Partially Blind Deblurring of Barcode

Description

Image restoration from out-of-focus (OOF) blur is a very difficult problem, as one has to infer both the original image and the point-spread function (PSF) from the data. We attempt to solve this OOF deblurring problem in the application of barcode reconstruction. We propose a partially blind method to recover binary barcode. It is based on an image formation model for out-of-focus blur. We first estimate a low-dimensional approximation to the PSF by using some parts of clean barcode that are known by construction. This low-dim representation only involves a few parameters, which can be iteratively computed via the Levenberg-Marquardt (LM) algorithm. The rest of the PSF is obtained by polynomial interpolations. Next, image deblurring is performed by

solving the least-square (LS) solution with box constraint. We further take the minimum bar width into account, which corresponds to a stretching matrix or an up-sampling operator. Having this matrix in the LS term largely enhances the efficiency of image deblurring.

The automatic workflow to deal with real data is the following.

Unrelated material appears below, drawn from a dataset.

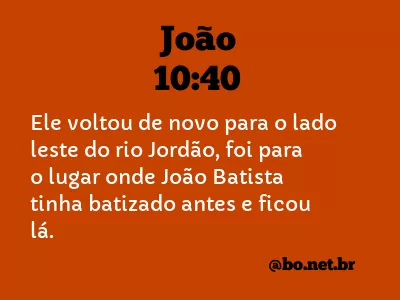 João 10:40 NTLH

  1. take the average of several rows in the image to suppress the noise

  2. bar width estimation. We detect the local minima of the real data, each ideally corresponding to the center of black bar. Using the fact that the barcode is a 95-dim binary vector, we set the bar width to be the number of pixels between the first and the last minimum locations divided by 94. The division by 94 instead of 95 is because that half bars on two ends are not counted in the range of two minima.

  3. Translation alignment. Using the first and last minima, we can determine the center of the barcode. As the length of barcode is known, we take the data from the center with half of the barcode length on each side.

  4. Intensity adjustment. We plot the histogram of real barcode data and match the lowest value to 0, and highest to 1. This gives a linear transform for the intensity.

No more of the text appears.